L’UE est bien entendu l’un des enjeux majeurs du débat public français. Il y a tant de domaines de décision qui ont été transférés à Bruxelles sans nécessité. Et, là encore,  la cible est à portée de fusil et ce n’est même pas que Laurent Wauquiez la manque. C’est qu’il ne cherche pas à viser ni à tirer. Le Traité d’Aix-La-Chapelle est concocté par Emmanuel Macron dans le plus grand secret, en pleine crise des Gilets Jaunes. Ce traité dit, sur le plan économique et social et du point de vue de la construction européenne, que rien ne changera. Eh bien, Les Républicains restent muets.
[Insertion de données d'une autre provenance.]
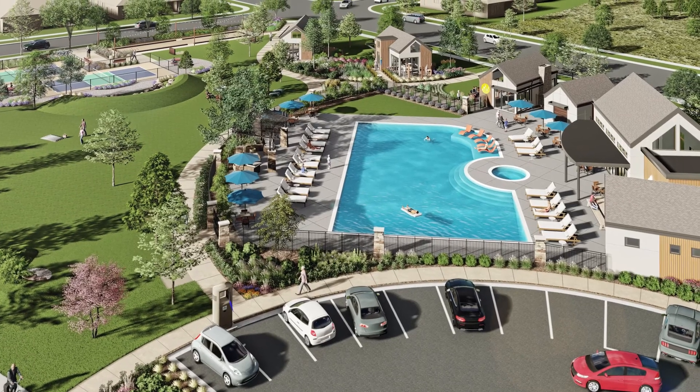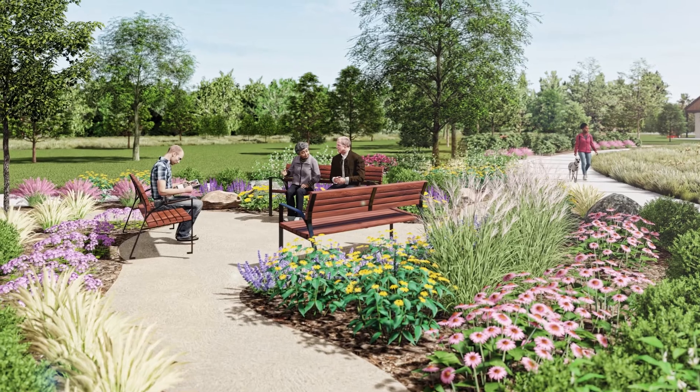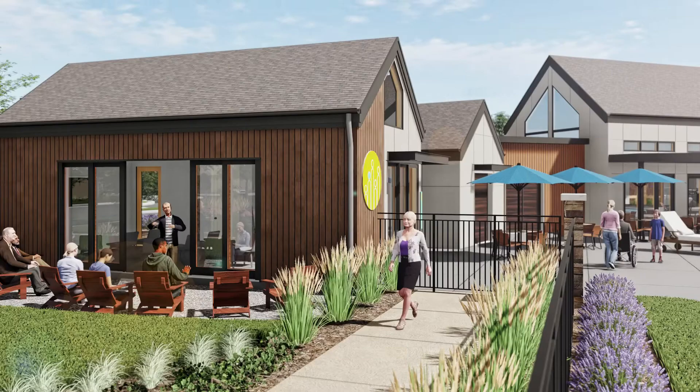At Thrive we really pride ourselves on building innovative homes, but a home detached from its community doesn't even exist. So when we look for communities to build in, we've got to be looking for a community that's built with the same sort of innovative spirit that our homes are. We really feel like Saunders matches that — it's been designed with a thoughtfulness to really facilitating how the future residents want to live.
Ils laissent s’enclencher le mauvais sketche classique où les seuls qui disent quelque chose de vigoureux sur le Traité sont Nicolas Dupont-Aignan, François Asselineau et Marine Le Pen; et alors les progressistes de s’en donner à coeur joie en criant aux Fake News. Emmanuel Macron n’a plus qu’à se frotter les mains: il aura une opposition inexistante ou éclatée lors des élections européennes. 
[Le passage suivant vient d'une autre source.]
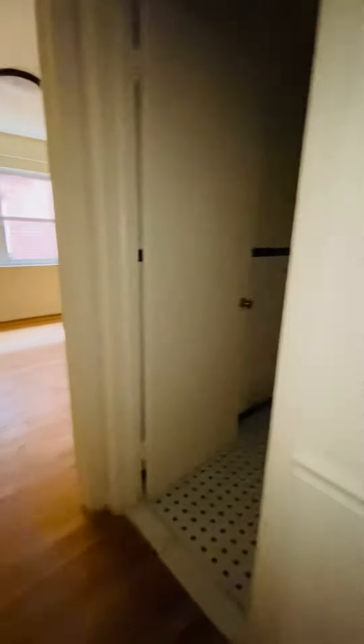This is the hallway. We have a linen closet here. The bathroom is here. Now we're entering the bedroom.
Mais le problème est plus profond. Le débat sur Maastricht a représenté un tournant néfaste non seulement pour la France mais pour la construction européenne: on a cessé d’avoir le choix entre deux ou plusieurs éléments d’une alternative pour l’Europe. Maastricht était à prendre ou à laisser; le traité ne pouvait pas être amendé. En entrant dans le jeu de Mitterrand, à l’époque, Giscard et Chirac ont rendu le plus mauvais service à l’Europe puisqu’ils ont donné l’impression qu’il n’y avait “pas d’alternative”, pour reprendre la célèbre expression d’Angela Merkel. L’Union Européenne se porterait beaucoup mieux si chaque gouvernement apportait à Bruxelles des propositions qui soient le fruit de débats parlementaires nationaux approfondis. Les grands textes européens, y compris les traités, seraient dénués d’idéologie dans la mesure où le Conseil européen aurait toujours en tête que d’autres majorités gouvernementales nationales pourraient vouloir donner des inflexions. A la vision de l’Europe des Etats proposée par de Gaulle, il manquait sans doute l’enracinement des débats européens dans la culture parlementaire de chaque pays. Si nous voulons avoir une petite chance de faire repartir l’Union Européenne d’un bon pied, il faut de toute urgence, sur les sujets européens aussi, faire redescendre le débat vers les parlements nationaux. Il est urgent que les chefs d’Etat et de gouvernement qui débattent et décident au Conseil Européen soient perçus comme étant porteurs des demandes issues d’un débat parlementaire approfondi. Cela permettra de rétablir l’autorité du Conseil sur la Commission. Et cela conduira aussi, à redéfinir l’utilité du Parlement européen, qui ne peut pas se substituer aux parlements nationaux.

Laurent Wauquiez ne manquerait donc pas de sujets s’il se mettait à imaginer une politique d’opposition au gouvernement qui puisse représenter un élément d’alternative pour le pays.